TASK INSTRUCTIONS
Exact transcription, pictures omitted: reproduce the listing below.

COLLECTED MATERIAL
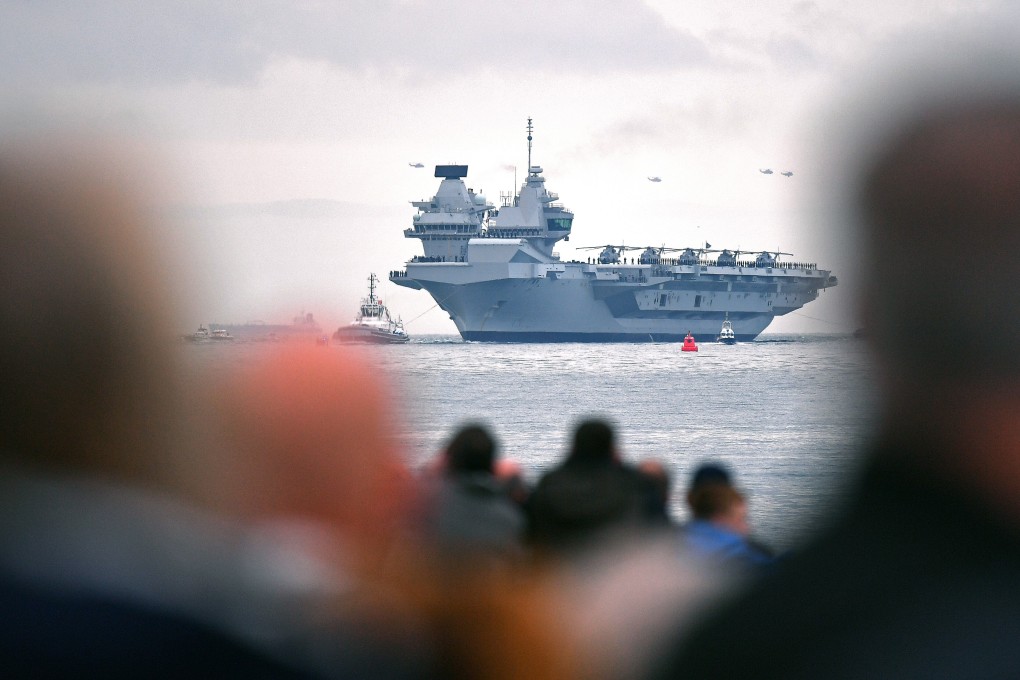 The 65,000-ton British aircraft carrier HMS Queen Elizabeth gets an assist from a tugboat into Portsmouth Harbou, southern England. Photo: AFP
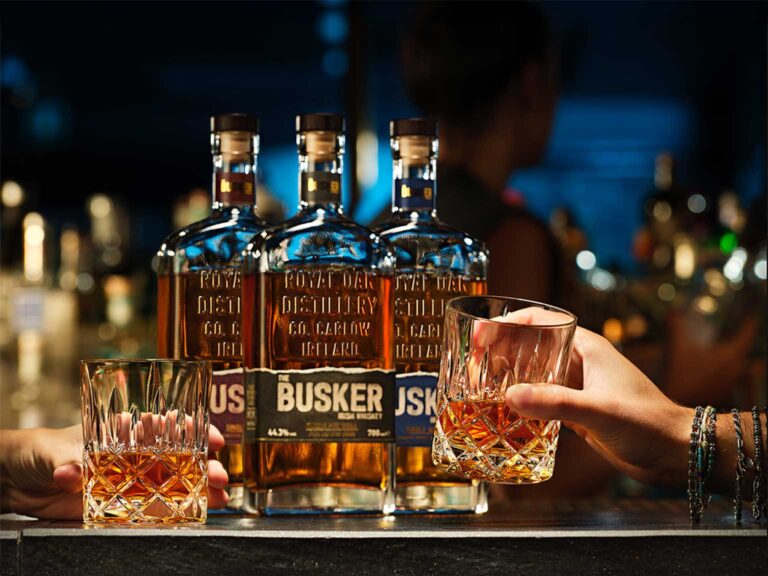 A glamor photo of three bottles of Busker.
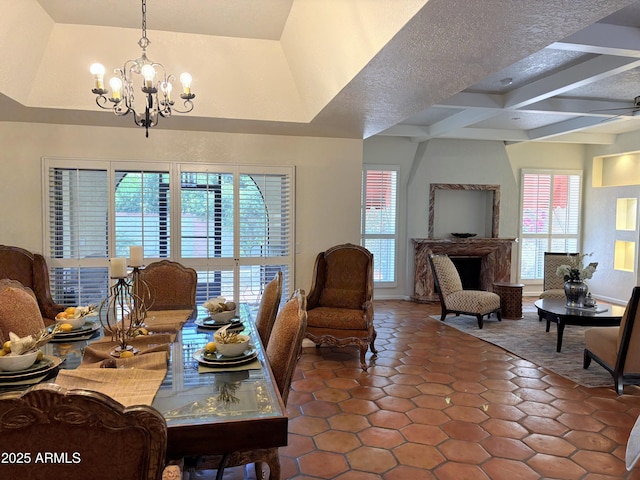 8426 N 15th Dr, Phoenix, AZ 85021 - dining area with tile patterned flooring, coffered ceiling, beamed ceiling, a fireplace, and a notable chandelier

RESPONSE FOR THIS EXERCISE
 The 65,000-ton British aircraft carrier HMS Queen Elizabeth gets an assist from a tugboat into Portsmouth Harbou, southern England. Photo: AFP
 A glamor photo of three bottles of Busker.
 8426 N 15th Dr, Phoenix, AZ 85021 - dining area with tile patterned flooring, coffered ceiling, beamed ceiling, a fireplace, and a notable chandelier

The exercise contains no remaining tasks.